When I do true FTP intervals out to my TTE, my HR basically stays flat, my breathing stays more or less consistent (hard but under control, not ragged or gasping), but my legs just start to slowly run out of steam at the end.

It’s kind of an odd feeling if you’ve never done it before. It’s like the effort slowly comes to you and not you going after the effort.

For example, if you have a 40min TTE and you do a 4x10 @ FTP workout then it should probably feel like this.

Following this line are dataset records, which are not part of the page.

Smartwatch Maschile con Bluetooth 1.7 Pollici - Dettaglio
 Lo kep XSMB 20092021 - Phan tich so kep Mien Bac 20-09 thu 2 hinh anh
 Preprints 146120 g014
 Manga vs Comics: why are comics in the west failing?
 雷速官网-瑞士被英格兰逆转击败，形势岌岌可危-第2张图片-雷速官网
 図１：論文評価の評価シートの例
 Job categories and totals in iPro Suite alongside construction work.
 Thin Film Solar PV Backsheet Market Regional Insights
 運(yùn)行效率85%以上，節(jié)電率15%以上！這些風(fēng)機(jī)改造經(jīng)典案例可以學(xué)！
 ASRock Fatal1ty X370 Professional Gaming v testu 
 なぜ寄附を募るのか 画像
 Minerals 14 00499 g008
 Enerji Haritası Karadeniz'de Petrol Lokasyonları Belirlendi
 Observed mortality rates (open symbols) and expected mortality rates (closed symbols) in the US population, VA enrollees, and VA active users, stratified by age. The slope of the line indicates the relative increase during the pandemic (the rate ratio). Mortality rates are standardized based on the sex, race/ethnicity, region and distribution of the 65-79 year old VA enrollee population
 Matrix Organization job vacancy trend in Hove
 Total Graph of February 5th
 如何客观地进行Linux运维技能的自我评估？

  • The first 2 intervals at RPE 6/7, it feels like you’re working but the effort it’s getting away from you and at the end you could keep going but you’re happy to stop pedaling.
  • The 3rd interval is RPE ~7, first 7-8min feels the same as before but the fatigue is definitely starting to grow. It starts to take more focus to push the same power but it’s still all under control. At the end of the interval you’re definitely happy for the rest but you know that with the rest you’ll have no problem going again.
  • The 4th interval starts out similar but you’re definitely tired. the first 5 min feel about normal, HR is maybe a touch higher but breathing is still under control. Then the second half as you start to reach your TTE your legs start to load up. You just keep going at your FTP power but it gets more and more difficult to maintain. You don’t need to go until failure but there will be a minute or so where your power stays consistent but your RPE really starts to decouple. Around then is where I usually pull the plug.